Anyone else think James Maynard would be the best math teacher ever? He's so polite and enthusiastic

Dr Maynard talks about math with the kind of genuine excitement only a child would show, I loved every second of this video!

Where's Ramanujan when you really need him?!

I just want to thank you guys for continuing to bring cutting edge maths into the public eye.

naughty brady using comic sans.

I wonder if Matt gave this a go, and got it almost right...

Dr Maynard has won the Fields Medal! Congratulations!

coming in second to a team of four people including Terrence Tao is really impressive

These videos with Dr. Maynard are great!

Congrats on the Fields Medal, James !!

They split the 10.000. But they split 5000 to each response or 2000 to each person? I think James should get 5000 since he did his own work by himself

I went on internet to rest from math, but looks like I won't :D

That factorial proof is so simple yet cool

Judging by that Rolex, Dr.
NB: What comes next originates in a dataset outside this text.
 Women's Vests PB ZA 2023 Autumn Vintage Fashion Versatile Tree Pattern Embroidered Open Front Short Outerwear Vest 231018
Maynard, I think I know where the 2000 bucks went

Congrats James!!!

I really love your channel. I'm a Biochemist, and most of my life math was just a useful annoyance I had to study for 2 years. I've enjoyed watching your channel so much more than I though I would, and it;s given me a whole new perspective on the meaning of mathematics. Thank-you for doing this.
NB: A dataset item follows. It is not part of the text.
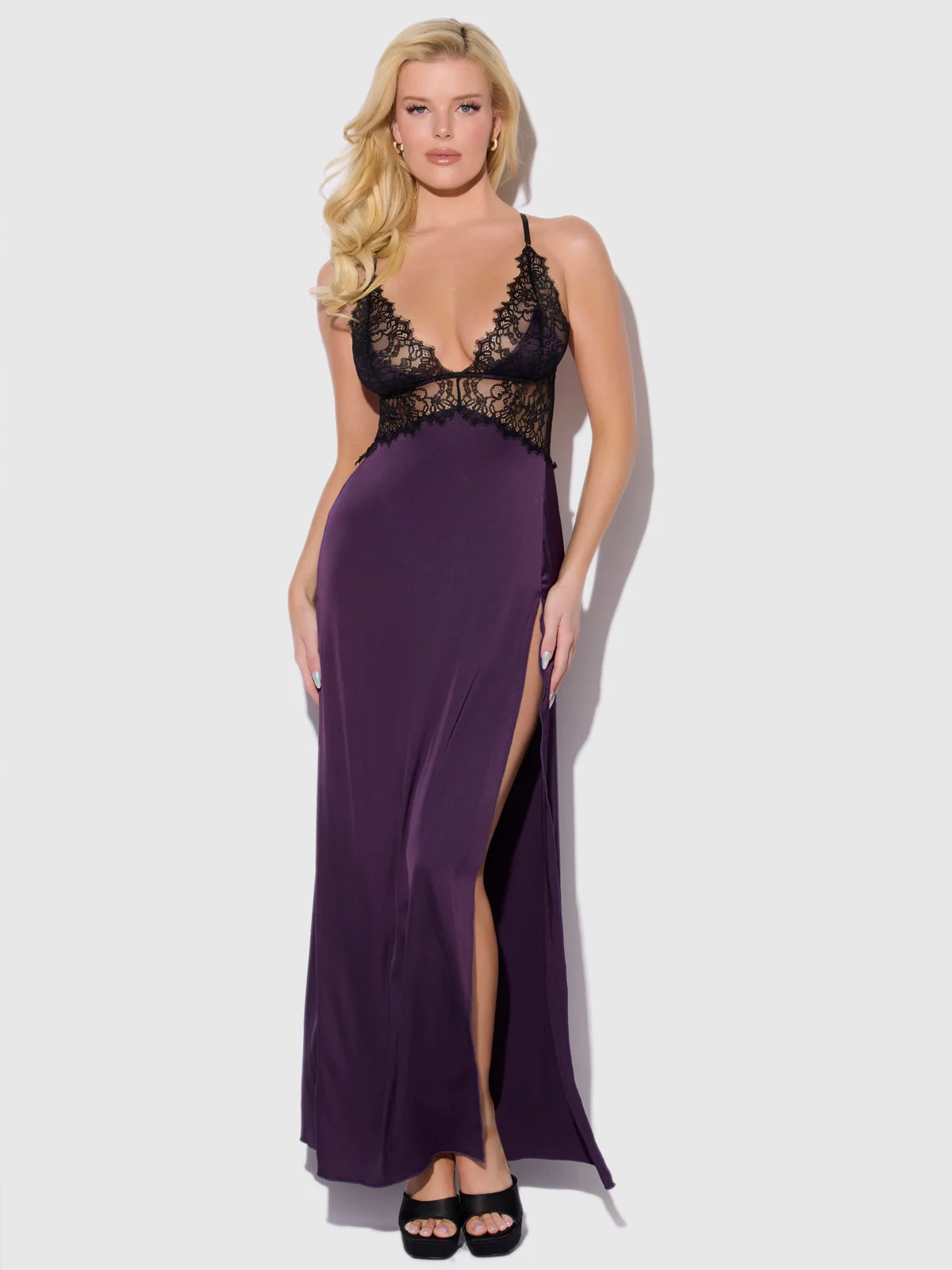 Rosalind Satin & Lace Long High Slit Gown in Purple Black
My tiny improvement: instead of n! you just need the product of primes

I find it absolutely fascinating how Maynard and the other group had completely different approaches to the problem, but got _the exact same_ formula for large prime gaps.
Is there some strange connection here? Or was that formula already hypothesised to be the solution, and they simply used different approaches to proving it?
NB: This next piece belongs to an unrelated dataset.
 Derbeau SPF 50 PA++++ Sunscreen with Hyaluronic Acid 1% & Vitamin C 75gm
Why is it that prime numbers, constants and their relations and patterns are so intriguing?
I haven't even studied math, had OKish grades in school, but now that i am free of the constraints of school or using math at work it all starts to have such a fascinating glimmer to it.
It all started with SDRs and i was fascinated how, with help of i.e. the fourier transformation, you'd be able to extract signal from noise that no human ear could even guess they were there. And you know if you say Fourier, you say "e", "pi", "i"...
That was where my jouney began.

Me pranking a high schooler: “Find a prime number larger than infinity factorial.” 😂

Being a mathematician might just be the best job in the world, seeing as how you get addicted to your job... No wonder all of these guys smile all the time :D

last time I saw so many logs in one place, they were building a cabin!

New Fields dropped

You can use Bertrand to show that if x

Uploaded 8 minutes ago; video is 9:26 in length; 116 likes... You people have good faith!

Would realy like to see more of Dr Maynard!!!!!!!!!!!!!!

That is a really cool expression.
Mind blowing that one can discover and tinker with something like that.
Nicely done!

Using the simpler expression and simple minded solution, if you wanted to look for an arbitrarily large prime, you could start with X! and then work downward (X!-1) to avoid the known gap.

congratulations for winning the fields medal

0:20 - "... a very high-school argument."
I went to Cambridge to do maths, and I didn't see this until my first week there.

I did just realize that there’s a space of x!-x!/x between every off limit section, which means the gap in which it’s unpredictable grows by a factorial too

I've always been fascinated by the twin prime gaps of the same size such as 199 to 211 and then 211 to 223. Prime number 211 has a gap of 12 in each direction. I wonder if this can be done for every even number.

So, the purpose of using logarithms are to deconstruct a variable exponent, right?
What was the original equation that required all those logs? That's the link or video I want, Brady!

Maybe there are prime gaps between p_n and p_{n+1} of length c^{sqrt(ln(n))} for some c>1 or better infinitely often.

Hey, don't be so rough on your formula! logs of logs can take time to calculate, but they make the large numbers significantly smaller! I think it's a great and efficient formula :)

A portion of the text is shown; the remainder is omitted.